Questa è la conferma che, anche nel calcio, i soldi non sono tutto, specialmente se non li sai spendere, o meglio li spendi male. In situazioni come questa bisognerebbe intervenire principalmente sull’assetto societario e il principale colpevole sembra l’attuale direttore sportivo Piero Ausilio, il quale dovrebbe dare spiegazioni ai tifosi per gli scarsi risultati ottenuti in questi 3 anni da capo dell’area tecnica. E infatti, i cinesi sembrano essersi accorti che è proprio qui che c’è qualcosa che non va, tant’è che sui vari siti tematici circolano già da ora vari nomi sui possibili successori: il laziale Igli Tare è ad ora il principale indiziato per la successione.

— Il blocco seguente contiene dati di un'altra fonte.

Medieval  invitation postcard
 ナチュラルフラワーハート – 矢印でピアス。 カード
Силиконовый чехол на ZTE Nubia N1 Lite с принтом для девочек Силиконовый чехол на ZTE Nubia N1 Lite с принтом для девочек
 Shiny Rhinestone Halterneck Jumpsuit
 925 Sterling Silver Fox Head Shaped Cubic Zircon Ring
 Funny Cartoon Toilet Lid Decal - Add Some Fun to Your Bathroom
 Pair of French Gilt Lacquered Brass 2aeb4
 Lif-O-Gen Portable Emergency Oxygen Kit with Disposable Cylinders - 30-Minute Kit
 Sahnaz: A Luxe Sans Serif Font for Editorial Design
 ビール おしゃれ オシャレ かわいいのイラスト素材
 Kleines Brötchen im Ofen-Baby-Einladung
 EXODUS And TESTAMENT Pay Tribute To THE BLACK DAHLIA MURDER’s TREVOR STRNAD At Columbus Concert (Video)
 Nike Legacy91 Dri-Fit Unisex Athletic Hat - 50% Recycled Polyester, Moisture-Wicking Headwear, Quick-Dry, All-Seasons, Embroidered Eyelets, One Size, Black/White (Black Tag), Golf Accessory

Pertanto, nonostante l’Inter si candidi ad essere la squadra più ricca d’Italia, raccomandiamo ai suoi tifosi ancora molta pazienza e soprattutto basse aspettative nel breve periodo: Juve e Napoli (meno la Roma) sono destinate ad essere superiori anche la prossima stagione, sia perché hanno organici ben collaudati sia perché hanno gli uomini giusti nelle posizioni dirigenziali con un progetto societario e sportivo ben chiaro per il futuro, cosa che manca del tutto nella sede neroazzurra di Corso Vittorio Emanuele.

Sia chiaro: i soldi sono importanti e necessari per un progetto vincente ma ci vogliono anche gli uomini giusti. E all’Inter mancano proprio loro. Si potrà cominciare a pensare a un’Inter di successo quando sentiremo parlare di profondi scossoni all’interno della sua area tecnico-dirigenziale.